Wireless? What is this wireless of which you speak? Don’t even think about getting it in your room, only in some lecture halls and college bar, restricted use! (2.0 GB/day … WHAT?!)



I did try to stay objective throughout, although I could not resist making a subjective remark here and there. Despite my opinions, facts are facts and the details about how things run are just the way they are; I can't make up or exaggerate how free the printing is at MIT, or how long a supervision is at Cambridge, in order to make things appear better/worse.

While I personally most appreciate the resources/opportunities/system that MIT offers, there are also virtues to the Cambridge system ... for example:
  • I really like having typed handouts professors give in lectures. This guarantees my notes are comprehensive and ensures that I don't miss something just because the lawn mower on Killian was too loud for me to hear what the professor just said. This is also how they can keep lectures so short at Cam - because they're not spending ages writing everything out on the board (they use pre-printed overhead projector slides).
  • Despite hating Cambridge labs at first, I am starting to realize the benefit of them. The major grievances with labs is that (a) you have to sign up before term even starts, (b) you might be doing it the 1st week or the last week - so you shouldn't necessarily need lectures to understand what you're doing, (c) but you do need lectures to understand what you're doing if you want to do it properly, (d) there is almost no help, (e) it is so disjointed from the course/lectures itself as a standalone one-time experiment for each class. But, on the bright side, it forces me to sit down and really analyze theory put into practice, and scramble to teach myself the theory because otherwise (since there is little to no guidance provided during your lab - just several other students who are equally as confused as you) I'd have no idea what to write about in the report. [my first lab at Cambridge, I explained that I was an exchange student, hadn't taken the first two years of classes the engineers took here, and asked the instructor for his email in case I had any questions.

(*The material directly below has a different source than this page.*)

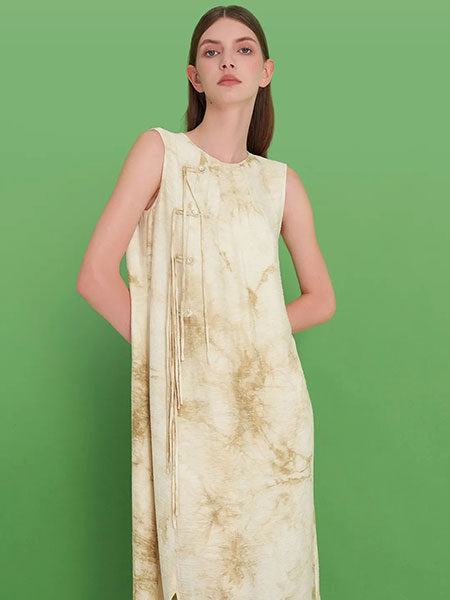 ENDEAR女装品牌2024夏季盘口褶皱设计感复古无袖背心直筒长裙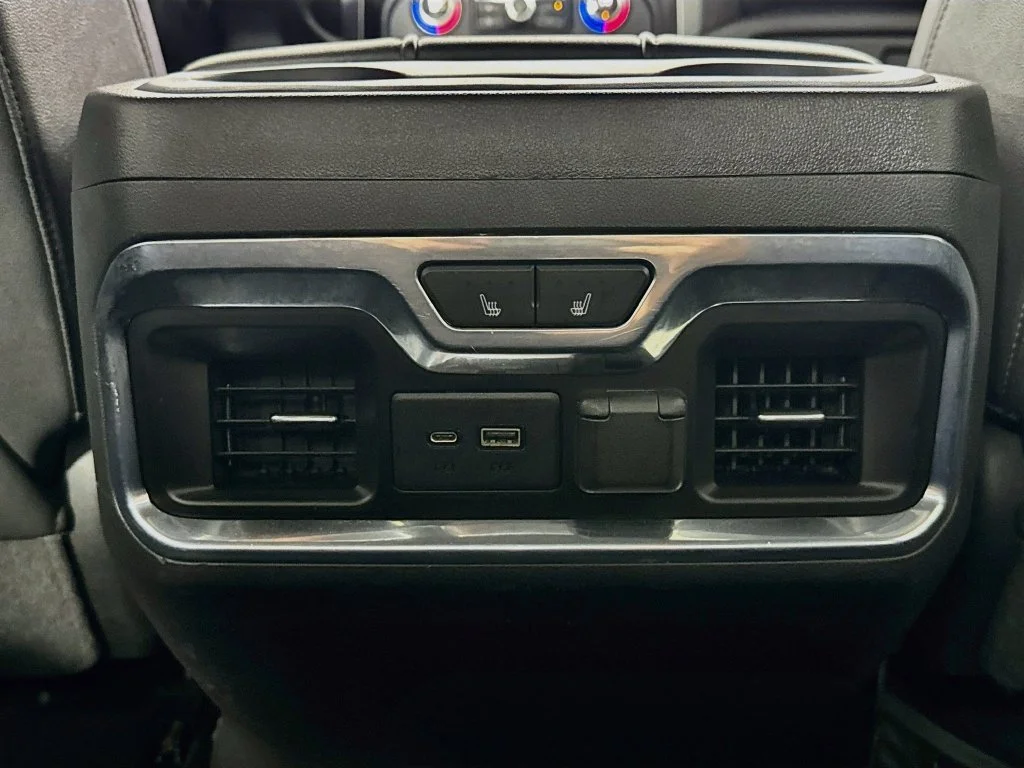 Used 2021 Black GMC SLT image 30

His response: "oh .. well, I'm not really supposed to help you ..." and left it at that.]
  • Super limited contact-time (supervisions/recitations) and the lack of office hours: forces me to do a lot of independent study. Since professors/supervisors are really inaccessible (in comparison) and it's rare to find someone to help you/answer any questions, I find myself often sitting down in the library poring over notes until I finally figure it out on my own.
  • Light workload/fewer assignments: MIT always has you scrambling frantically just to get things completed that people never sit down to just read. We're too busy trying to solve problems and apply the theory, that I never, ever read textbooks at MIT, and the only context in which I review lecture notes is when I'm trying to solve a pset problem. At Cam, since classroom + supervision contact hours are so few, you get all the time in the world to just chill in the library and review notes. Inherently in the system of shorter lectures, it is implied that students will do post-study of lecture notes. The fact that we have much fewer assignments/actual work to do just makes you think, well, I better be doing something productive if I have no more problems to solve - guess I'll just study/read.


Updates to this list as I think of them. The aim is to give a comprehensive comparison concerning academics.